Managing application ingestion and replication jobs
After you configure and run application ingestion and replication jobs, you might occasionally need to perform some job management tasks such stopping, resuming, undeploying, or redeploying jobs.
Stopping an application ingestion and replication job
You can stop an application ingestion and replication job of any load type that is in the Up and Running, Running with Warning, or On Hold status.
When you stop an incremental load job, Application Ingestion and Replication records an identifier for the position in the change stream where it has stopped the incremental processing. The identifier is stored in a recovery table named INFORMATICA_CDC_RECOVERY on the target. If you restart the job, Application Ingestion and Replication uses this identifier to identify the last change record that was loaded to the target and starts loading the changes that were made after that point in the change stream.
Note: Before stopping an application ingestion and replication incremental load or combined load job that has a Snowflake target and uses the Superpipe option, ensure that all ingested data in the change stream has been merged into the target. Otherwise, if the job is not restarted for an extended period or before the stream expires, any data that remains in the stream is lost and can’t be recovered.
For initial load jobs, the job stops only after its subtasks that are already running complete their operation. The subtasks that are not running remain in their current states.
1Navigate to the row for the job that you want to stop in any of the following monitoring interfaces:
- My Jobs page that's accessed from the navigation bar of the Home page
- All Jobs page in Monitor
- All Jobs tab on the Data Ingestion and Replication page in Operational Insights
You can also use the Stop icon beside the Actions menu to stop the job.
2In the Actions menu for the row, select Stop, or click the Stop icon next to the menu.
The job state switches to Stopping and then to Stopped.
Tip: If the Stop operation is taking too long, you can abort the job.
Resuming an application ingestion and replication job
You can resume an application ingestion and replication job that is in the Stopped, Aborted, or Failed status.
You can resume an application ingestion and replication job from the My Jobs page in the Data Ingestion and Replication service or from the All Jobs tab on the Data Ingestion and Replication page in Operational Insights.
When you resume an initial load job that has multiple subtasks, Application Ingestion and Replication starts only the subtasks that are in the Failed, Stopped, Aborted, or Queued status.
When you resume an incremental load job or a combined initial and incremental load job, Application Ingestion and Replication resumes replicating source data change from the last position recorded in the checkpoint file or target recovery table.
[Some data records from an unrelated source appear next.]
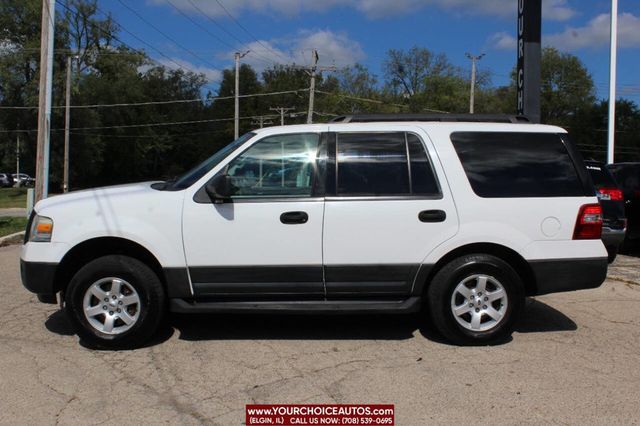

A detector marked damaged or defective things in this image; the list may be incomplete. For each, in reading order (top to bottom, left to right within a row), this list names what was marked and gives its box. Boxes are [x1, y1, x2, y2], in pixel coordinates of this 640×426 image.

cracked asphalt [1, 243, 640, 426]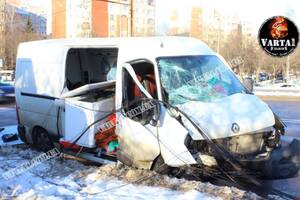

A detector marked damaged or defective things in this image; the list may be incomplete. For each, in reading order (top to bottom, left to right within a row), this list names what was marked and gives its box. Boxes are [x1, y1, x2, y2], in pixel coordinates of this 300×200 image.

damaged white minibus [15, 37, 300, 180]
shattered windshield [157, 54, 246, 104]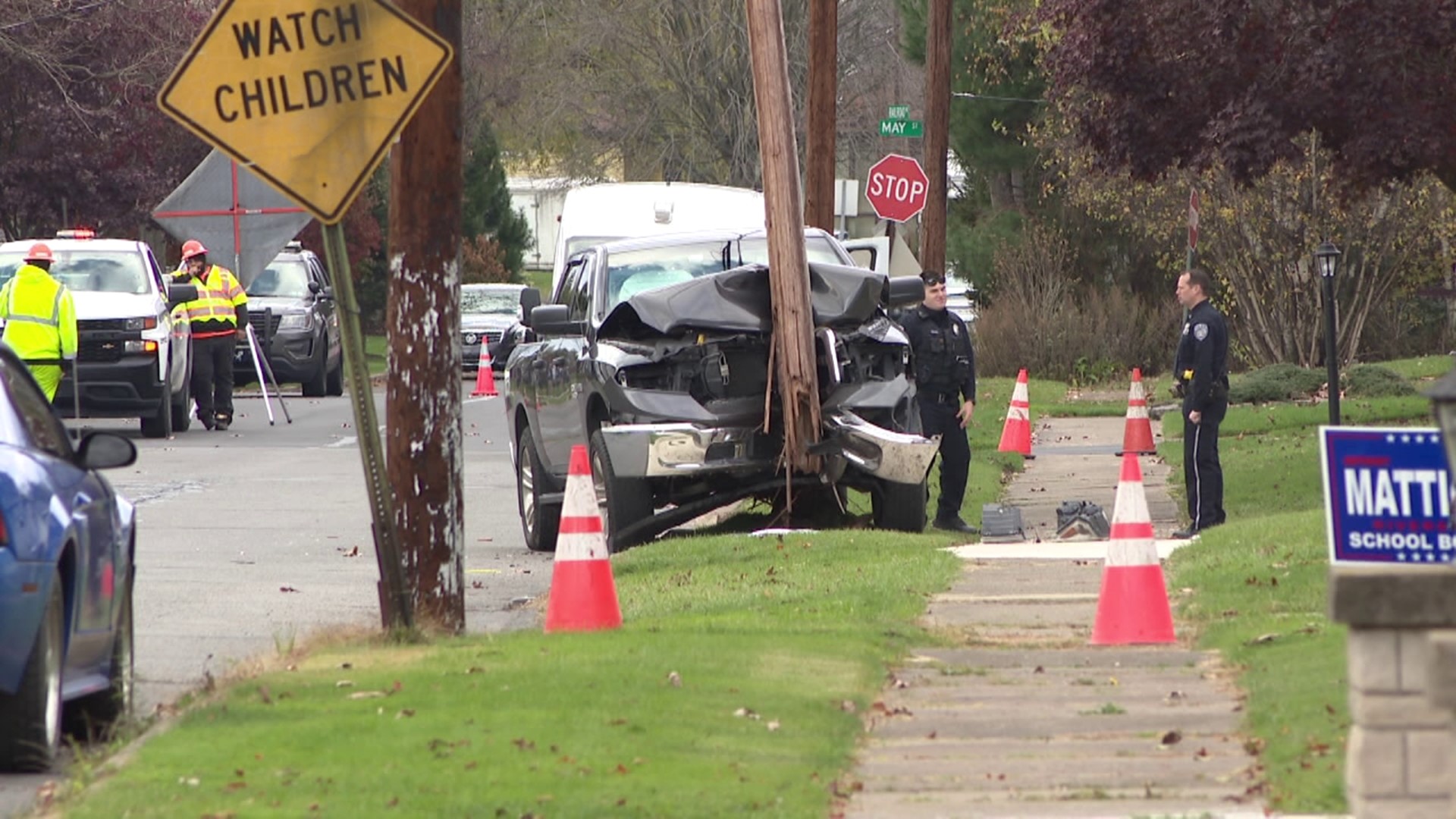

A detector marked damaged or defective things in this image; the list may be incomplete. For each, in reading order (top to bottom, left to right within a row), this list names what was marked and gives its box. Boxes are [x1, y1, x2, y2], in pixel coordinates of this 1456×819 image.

crumpled hood [598, 262, 892, 340]
crashed pickup truck [507, 228, 940, 552]
damaged bumper [598, 406, 940, 482]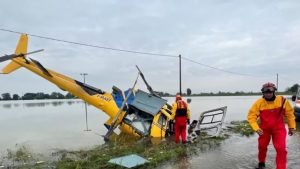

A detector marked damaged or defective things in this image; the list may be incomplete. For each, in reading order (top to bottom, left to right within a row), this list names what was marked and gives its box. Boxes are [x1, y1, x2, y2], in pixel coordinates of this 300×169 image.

crashed yellow helicopter [0, 34, 176, 140]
A checkpoint will not be available unless a change record was processed for at least one of the tables during the first job run after deployment. If a checkpoint is not available, the job resumes processing from the configured restart point, which is the latest available position in the change stream by default.
When you resume an incremental load job, Application Ingestion and Replication resumes propagating source data from where it last left off.
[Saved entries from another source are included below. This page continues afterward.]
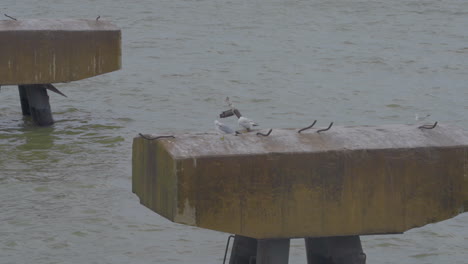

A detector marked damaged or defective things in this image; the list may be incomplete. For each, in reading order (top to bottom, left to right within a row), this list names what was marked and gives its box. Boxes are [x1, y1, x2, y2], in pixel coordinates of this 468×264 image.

rusty stain on concrete [131, 124, 468, 239]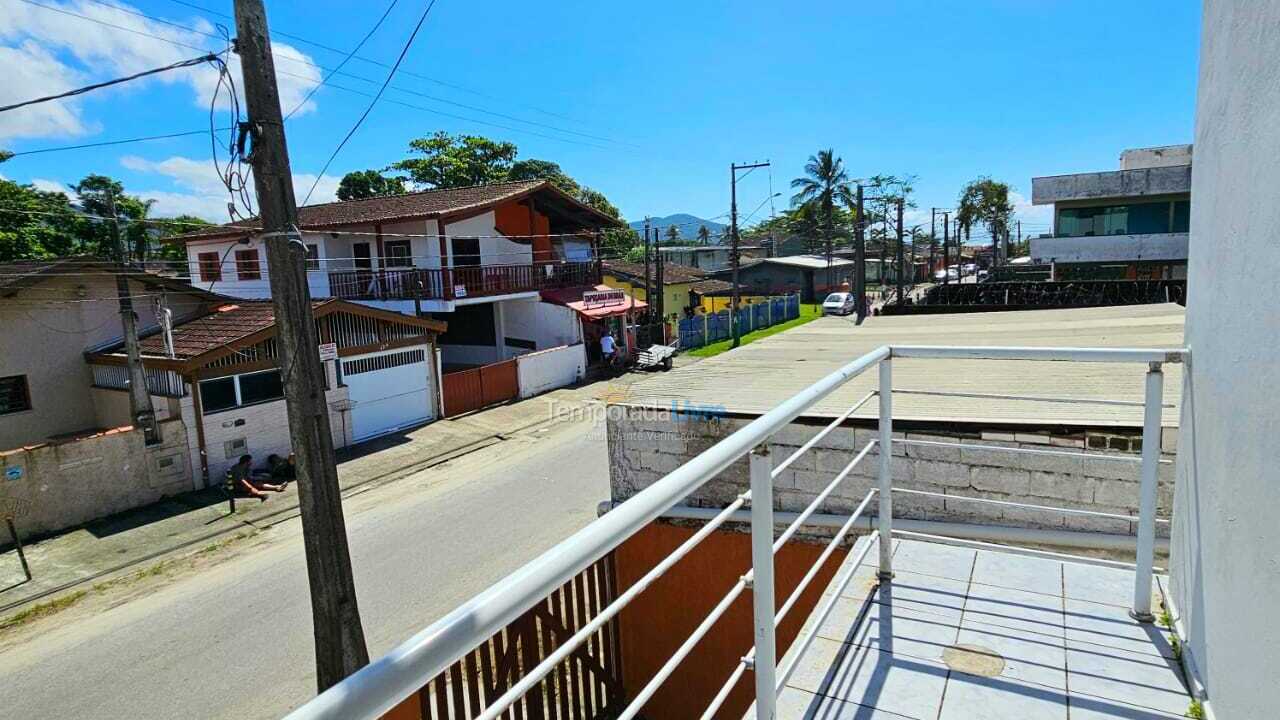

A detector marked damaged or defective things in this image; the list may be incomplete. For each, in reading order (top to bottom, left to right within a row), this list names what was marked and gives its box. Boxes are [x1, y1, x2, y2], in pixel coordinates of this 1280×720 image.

rusty metal gate [442, 356, 517, 415]
rusty metal gate [404, 550, 624, 712]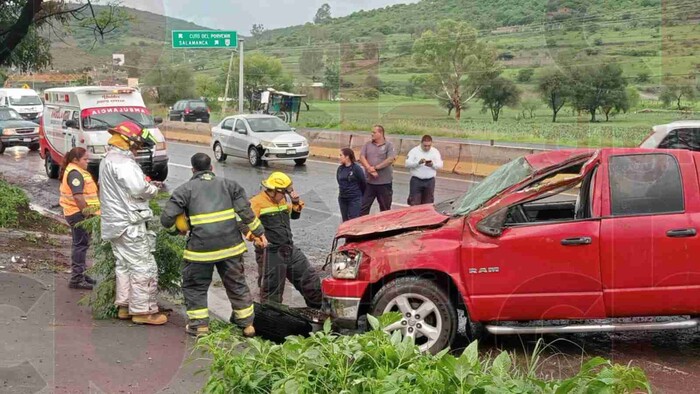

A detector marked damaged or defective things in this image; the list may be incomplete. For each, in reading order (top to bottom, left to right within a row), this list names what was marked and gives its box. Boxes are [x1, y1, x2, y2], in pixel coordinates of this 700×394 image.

shattered windshield [452, 158, 532, 215]
damaged truck hood [334, 205, 448, 239]
detached tire [370, 278, 456, 354]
1Navigate to the row for the job that you want to resume in any of the following monitoring interfaces:
- My Jobs page that's accessed from the navigation bar of the Home page
- All Jobs page in the Monitor service
- All Jobs tab on the Data Ingestion and Replication page in Operational Insights
2In the Actions menu for the row, click Resume, or click the Resume icon next to the menu.
Note: The Resume command is not available if the job is in the Failed state because the task deployment failed.
A subtask is started for each source table.
If an error occurs, an error message is displayed at the top of the page.
You can also use the Resume icon beside the Actions menu to resume the job.
Restart and recovery for incremental load jobs
Application Ingestion and Replication can restart the incremental load jobs that stopped because of an error and the jobs that were stopped or aborted by users without any loss of change data.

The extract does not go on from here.